* _WORK TASK_:
Go from the first line below to the one with "Creolen bicolor mit" and print each line exactly.

* _Entries taken from a collection_:
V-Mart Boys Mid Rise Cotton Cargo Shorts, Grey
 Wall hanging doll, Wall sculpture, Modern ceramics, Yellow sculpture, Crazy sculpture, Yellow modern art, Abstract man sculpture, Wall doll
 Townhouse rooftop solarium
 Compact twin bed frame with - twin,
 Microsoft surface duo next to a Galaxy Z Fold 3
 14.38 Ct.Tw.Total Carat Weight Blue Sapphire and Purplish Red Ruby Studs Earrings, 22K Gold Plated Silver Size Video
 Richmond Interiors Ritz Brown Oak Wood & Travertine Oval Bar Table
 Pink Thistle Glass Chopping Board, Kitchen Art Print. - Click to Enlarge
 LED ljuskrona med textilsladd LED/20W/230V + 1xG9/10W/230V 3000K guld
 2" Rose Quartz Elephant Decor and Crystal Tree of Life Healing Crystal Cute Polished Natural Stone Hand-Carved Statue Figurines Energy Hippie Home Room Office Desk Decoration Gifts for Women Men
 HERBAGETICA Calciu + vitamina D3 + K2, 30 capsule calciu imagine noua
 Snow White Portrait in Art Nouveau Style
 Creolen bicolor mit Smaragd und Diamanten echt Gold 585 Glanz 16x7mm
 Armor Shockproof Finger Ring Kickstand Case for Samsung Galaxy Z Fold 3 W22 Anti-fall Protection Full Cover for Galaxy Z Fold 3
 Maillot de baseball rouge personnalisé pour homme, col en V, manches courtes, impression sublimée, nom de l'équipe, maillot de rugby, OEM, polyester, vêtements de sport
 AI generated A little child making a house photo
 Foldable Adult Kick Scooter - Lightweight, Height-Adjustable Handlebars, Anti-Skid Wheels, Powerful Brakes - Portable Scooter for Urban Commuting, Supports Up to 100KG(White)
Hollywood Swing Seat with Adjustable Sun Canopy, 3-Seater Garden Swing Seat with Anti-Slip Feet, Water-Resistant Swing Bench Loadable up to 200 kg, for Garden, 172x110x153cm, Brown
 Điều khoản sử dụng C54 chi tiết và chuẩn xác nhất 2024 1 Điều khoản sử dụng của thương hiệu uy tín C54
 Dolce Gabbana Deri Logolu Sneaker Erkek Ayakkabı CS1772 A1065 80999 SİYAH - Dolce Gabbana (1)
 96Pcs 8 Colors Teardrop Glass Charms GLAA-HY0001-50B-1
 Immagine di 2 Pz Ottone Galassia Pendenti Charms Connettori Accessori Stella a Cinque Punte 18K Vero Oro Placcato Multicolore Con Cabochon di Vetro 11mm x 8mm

* _RESULT_:
V-Mart Boys Mid Rise Cotton Cargo Shorts, Grey
 Wall hanging doll, Wall sculpture, Modern ceramics, Yellow sculpture, Crazy sculpture, Yellow modern art, Abstract man sculpture, Wall doll
 Townhouse rooftop solarium
 Compact twin bed frame with - twin,
 Microsoft surface duo next to a Galaxy Z Fold 3
 14.38 Ct.Tw.Total Carat Weight Blue Sapphire and Purplish Red Ruby Studs Earrings, 22K Gold Plated Silver Size Video
 Richmond Interiors Ritz Brown Oak Wood & Travertine Oval Bar Table
 Pink Thistle Glass Chopping Board, Kitchen Art Print. - Click to Enlarge
 LED ljuskrona med textilsladd LED/20W/230V + 1xG9/10W/230V 3000K guld
 2" Rose Quartz Elephant Decor and Crystal Tree of Life Healing Crystal Cute Polished Natural Stone Hand-Carved Statue Figurines Energy Hippie Home Room Office Desk Decoration Gifts for Women Men
 HERBAGETICA Calciu + vitamina D3 + K2, 30 capsule calciu imagine noua
 Snow White Portrait in Art Nouveau Style
 Creolen bicolor mit Smaragd und Diamanten echt Gold 585 Glanz 16x7mm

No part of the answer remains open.